Captioned web image data
________________________________________

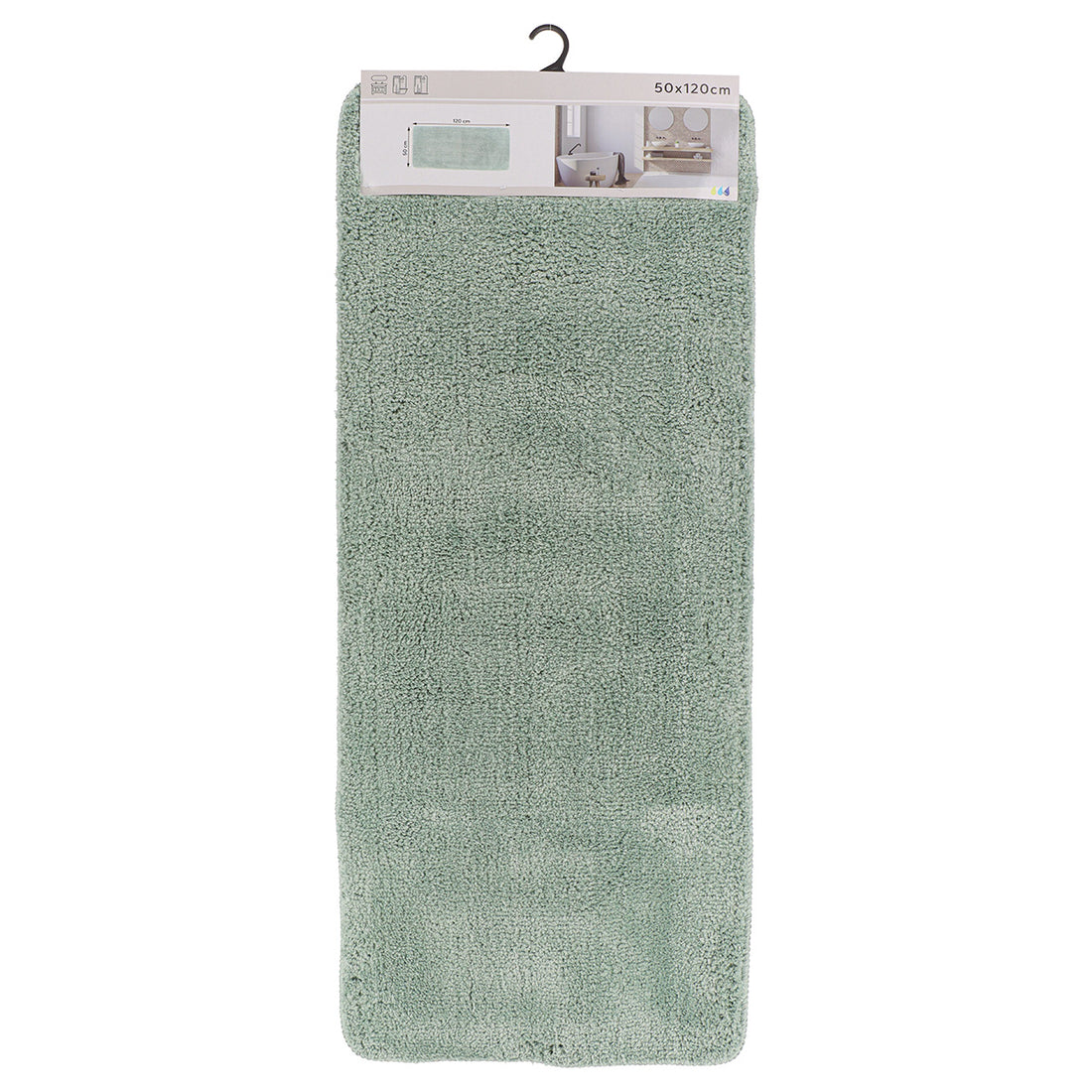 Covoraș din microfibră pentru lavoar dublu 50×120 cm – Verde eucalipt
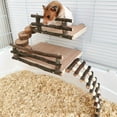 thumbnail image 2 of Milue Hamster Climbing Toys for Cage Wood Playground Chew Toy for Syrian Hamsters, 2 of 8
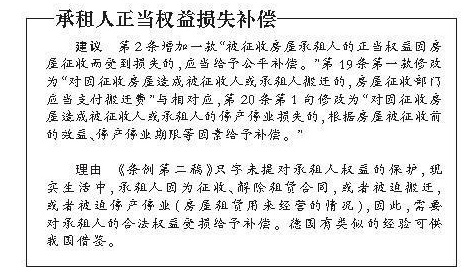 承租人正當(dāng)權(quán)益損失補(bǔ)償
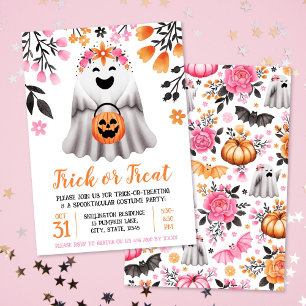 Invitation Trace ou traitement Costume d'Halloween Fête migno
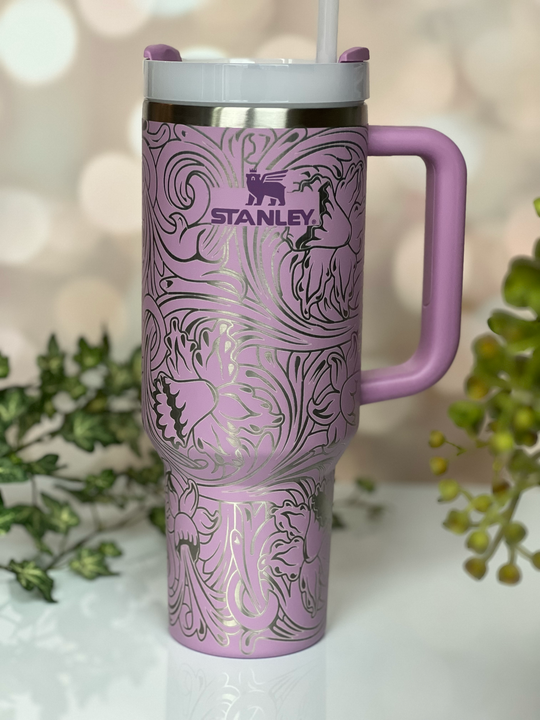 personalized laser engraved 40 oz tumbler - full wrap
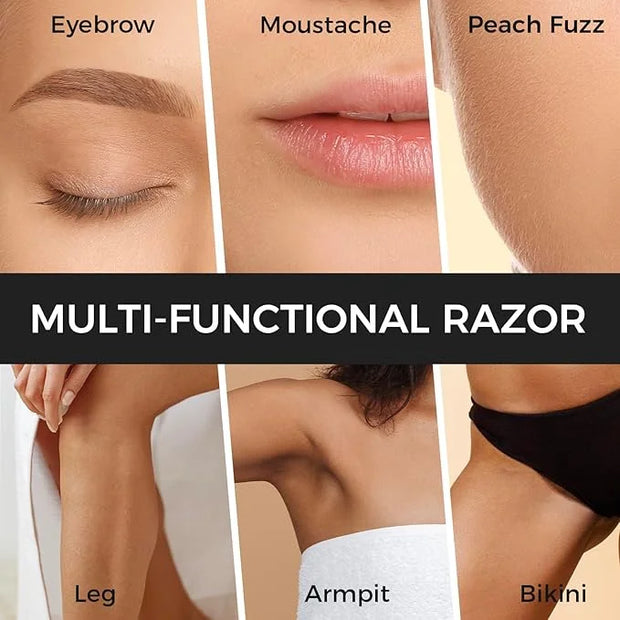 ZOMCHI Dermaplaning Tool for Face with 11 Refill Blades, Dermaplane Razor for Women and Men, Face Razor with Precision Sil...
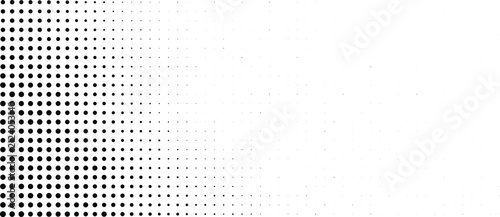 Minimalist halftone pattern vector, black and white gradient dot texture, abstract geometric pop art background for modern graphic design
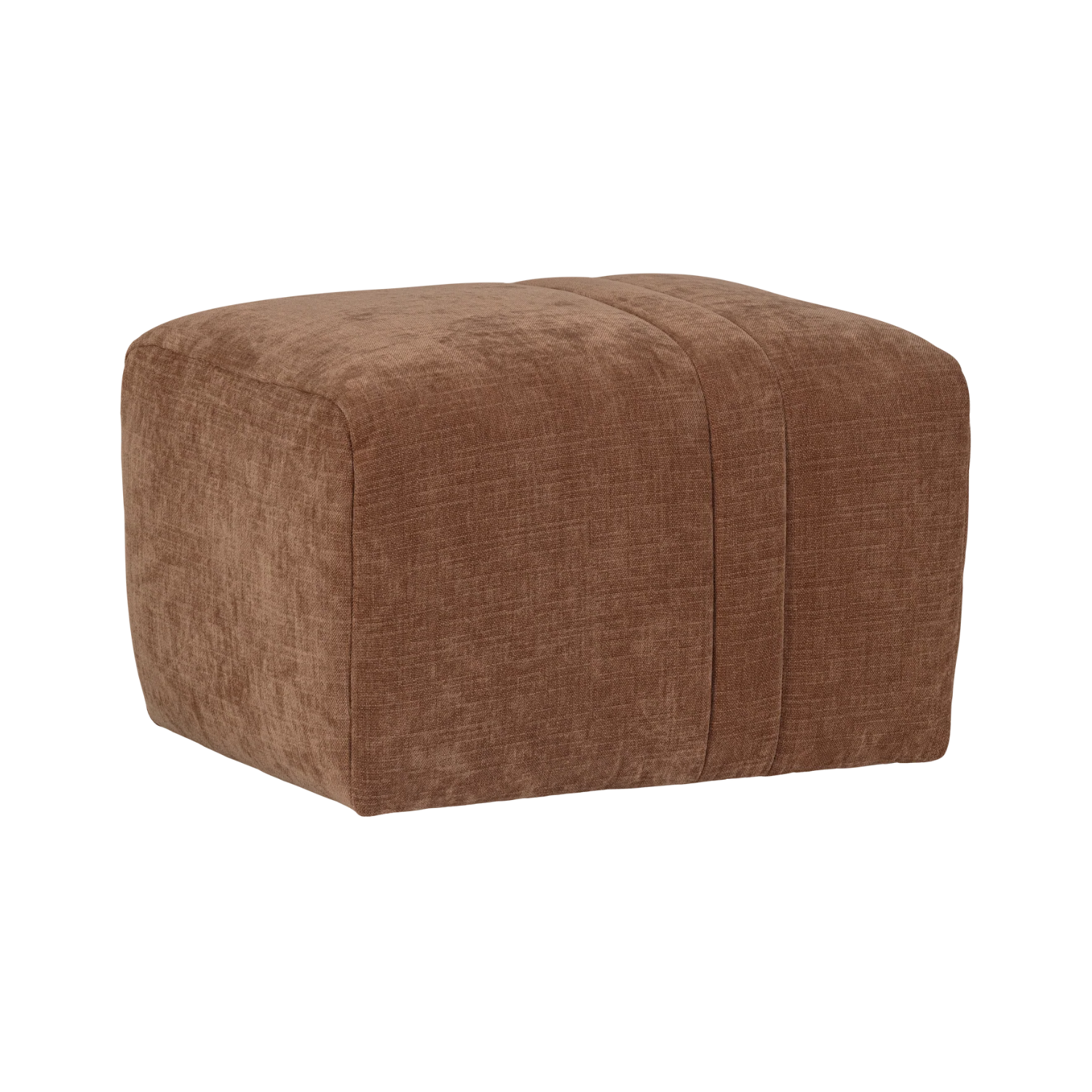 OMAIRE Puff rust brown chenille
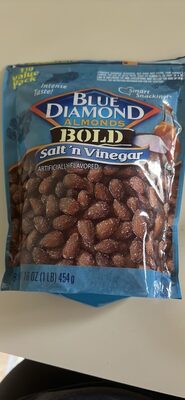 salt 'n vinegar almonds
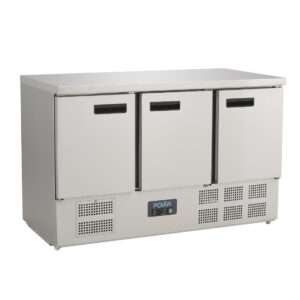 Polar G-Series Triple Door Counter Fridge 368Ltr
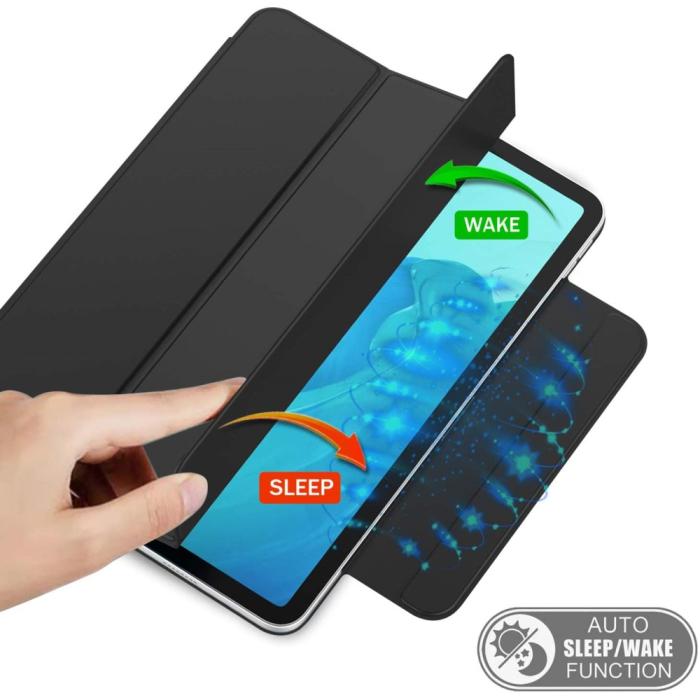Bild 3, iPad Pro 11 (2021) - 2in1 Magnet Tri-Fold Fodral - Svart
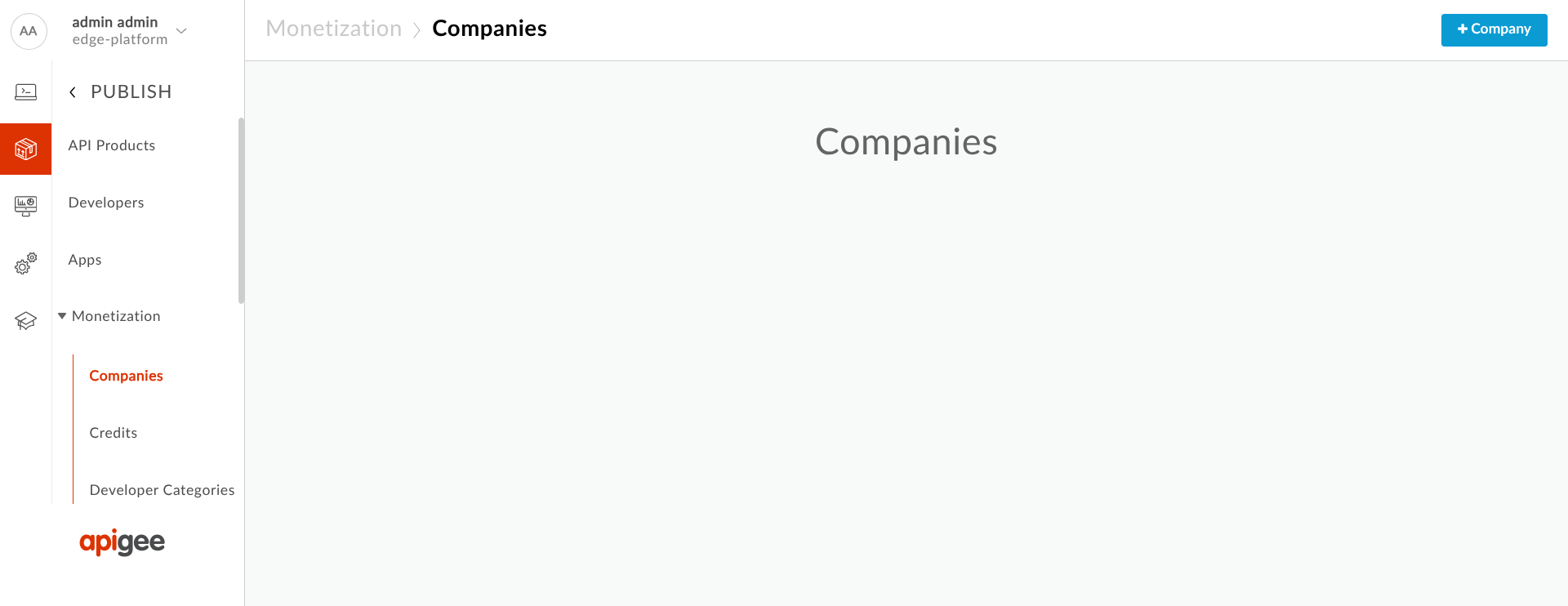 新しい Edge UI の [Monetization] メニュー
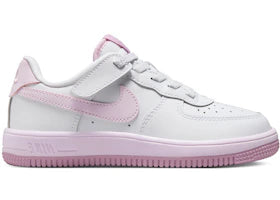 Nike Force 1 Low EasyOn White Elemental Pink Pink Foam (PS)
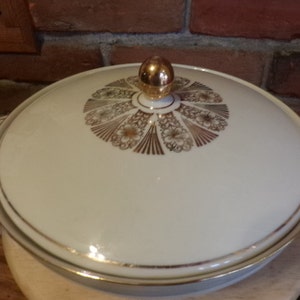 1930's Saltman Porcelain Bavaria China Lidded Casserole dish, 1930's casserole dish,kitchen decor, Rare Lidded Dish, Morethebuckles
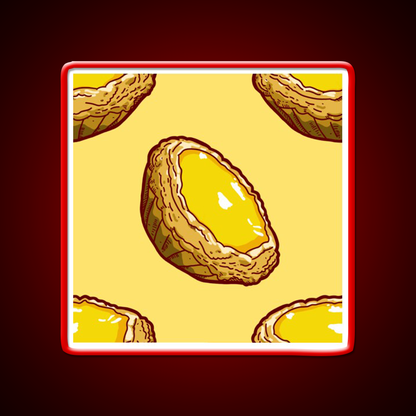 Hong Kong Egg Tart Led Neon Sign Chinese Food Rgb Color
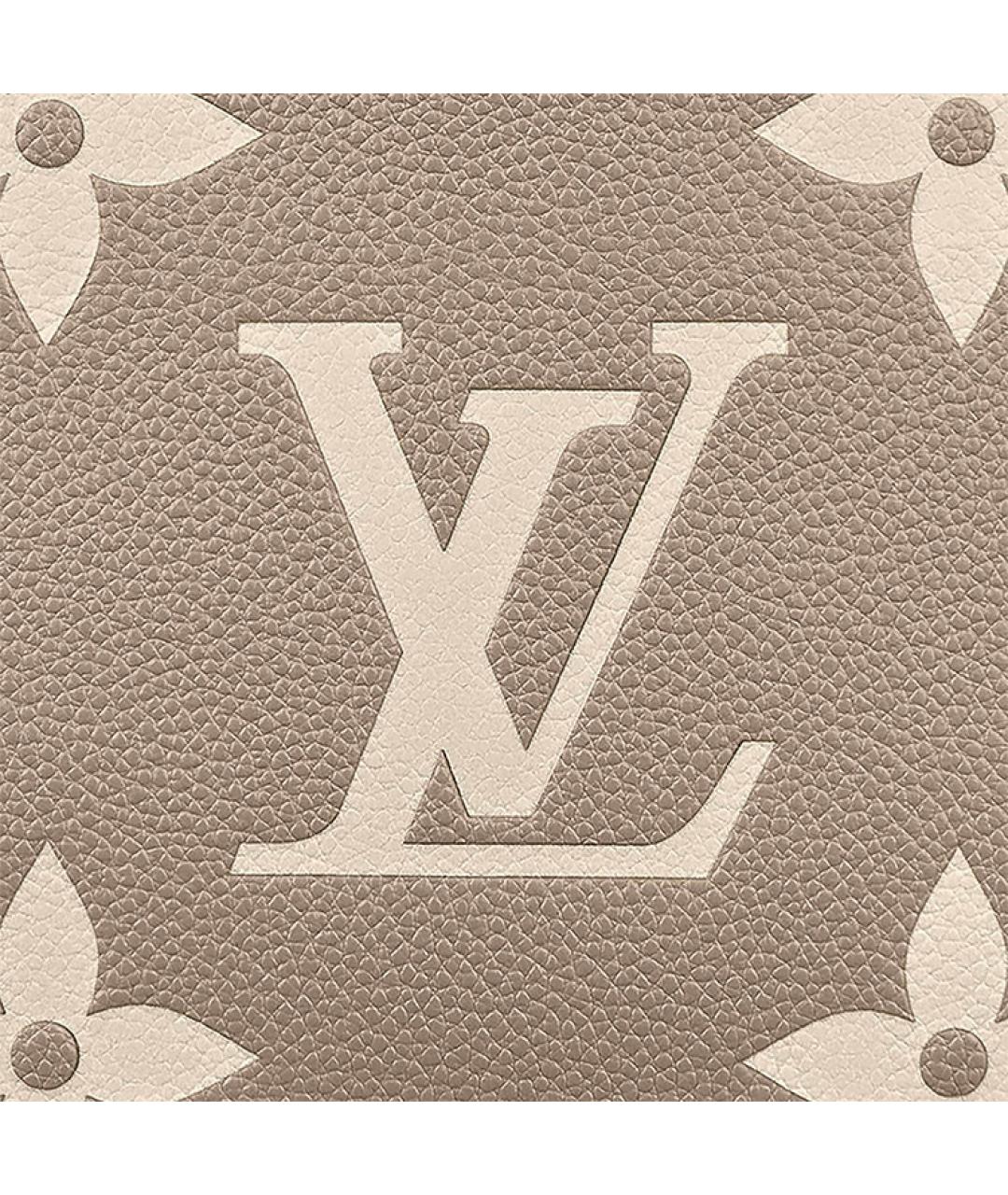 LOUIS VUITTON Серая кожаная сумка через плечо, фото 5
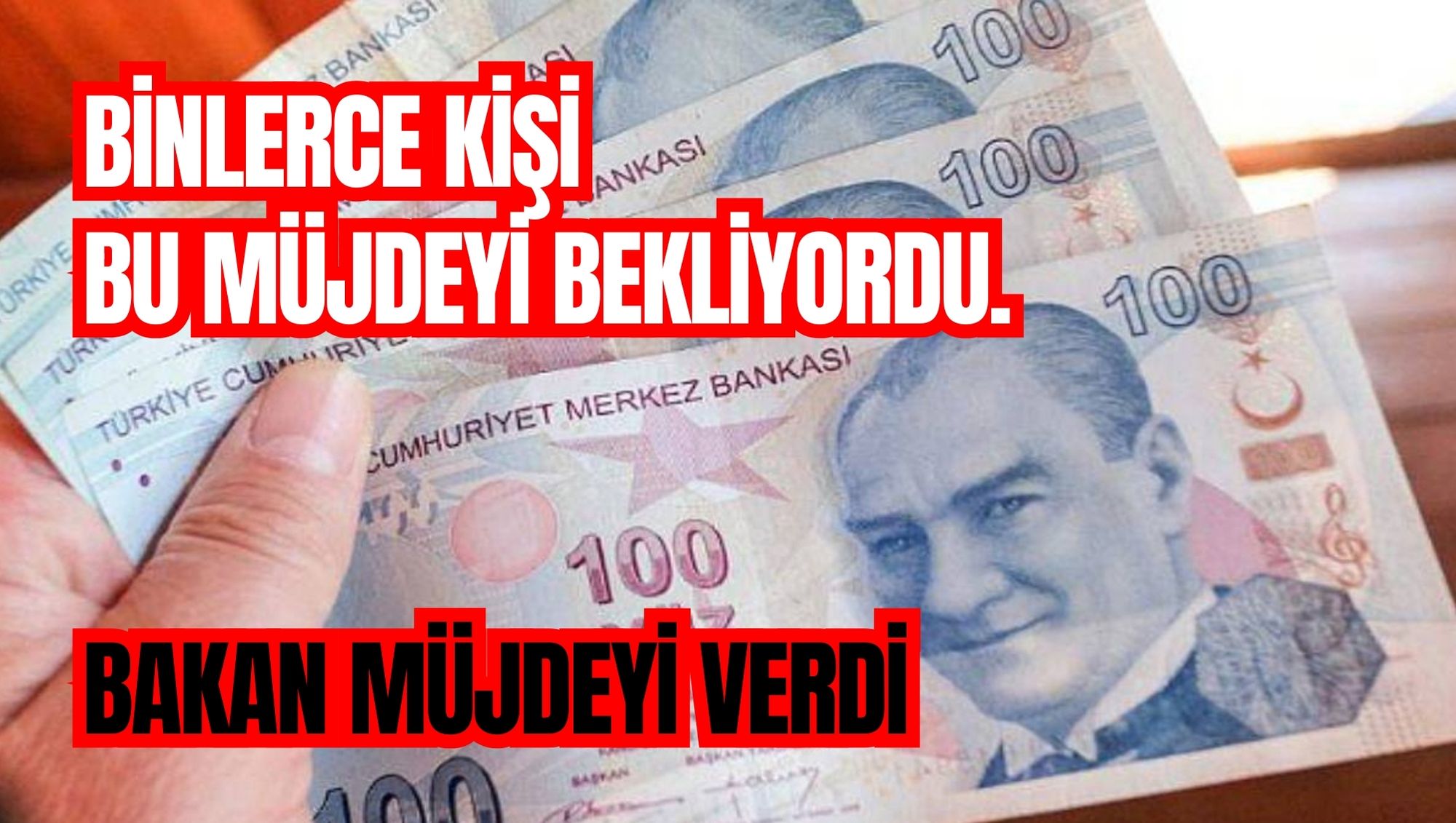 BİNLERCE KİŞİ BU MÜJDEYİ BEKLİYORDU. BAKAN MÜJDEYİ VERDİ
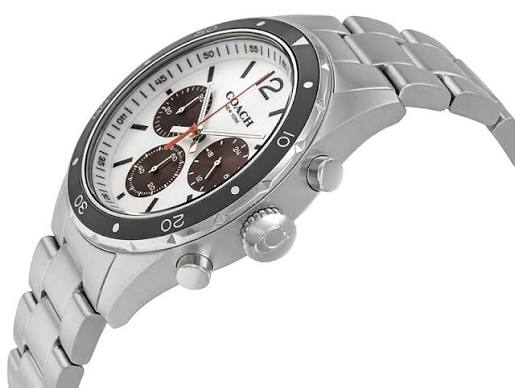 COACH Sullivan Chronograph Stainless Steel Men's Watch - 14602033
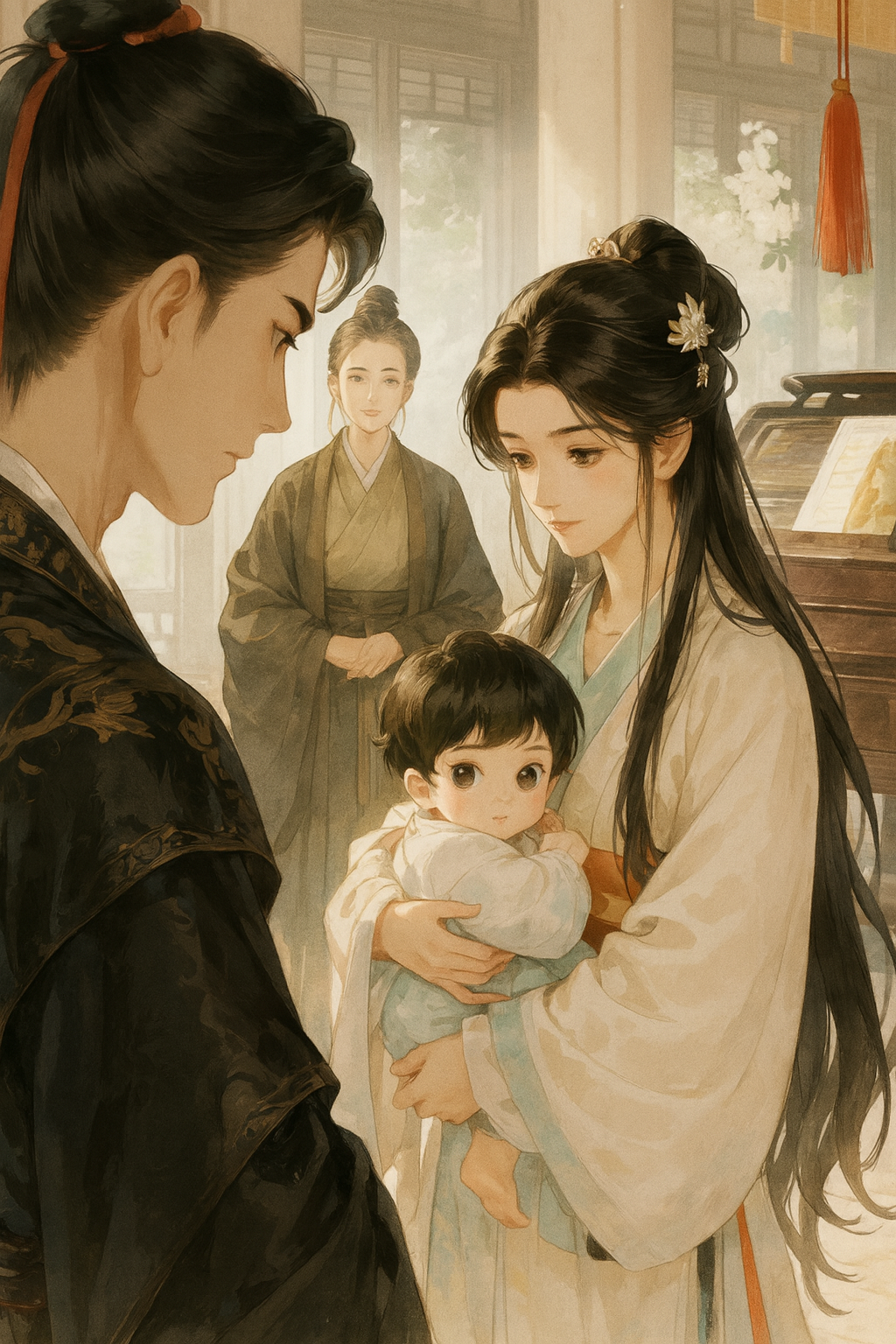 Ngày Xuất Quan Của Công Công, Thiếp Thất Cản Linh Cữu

________________________________________

▸ ASSIGNED TASK: Make an exact copy of the lines of the records from the line containing "BİNLERCE KİŞİ BU" through the final line, both ends included, but not of the pictures.

▸ ANSWER FOR THIS EXERCISE:
 BİNLERCE KİŞİ BU MÜJDEYİ BEKLİYORDU. BAKAN MÜJDEYİ VERDİ
 COACH Sullivan Chronograph Stainless Steel Men's Watch - 14602033
 Ngày Xuất Quan Của Công Công, Thiếp Thất Cản Linh Cữu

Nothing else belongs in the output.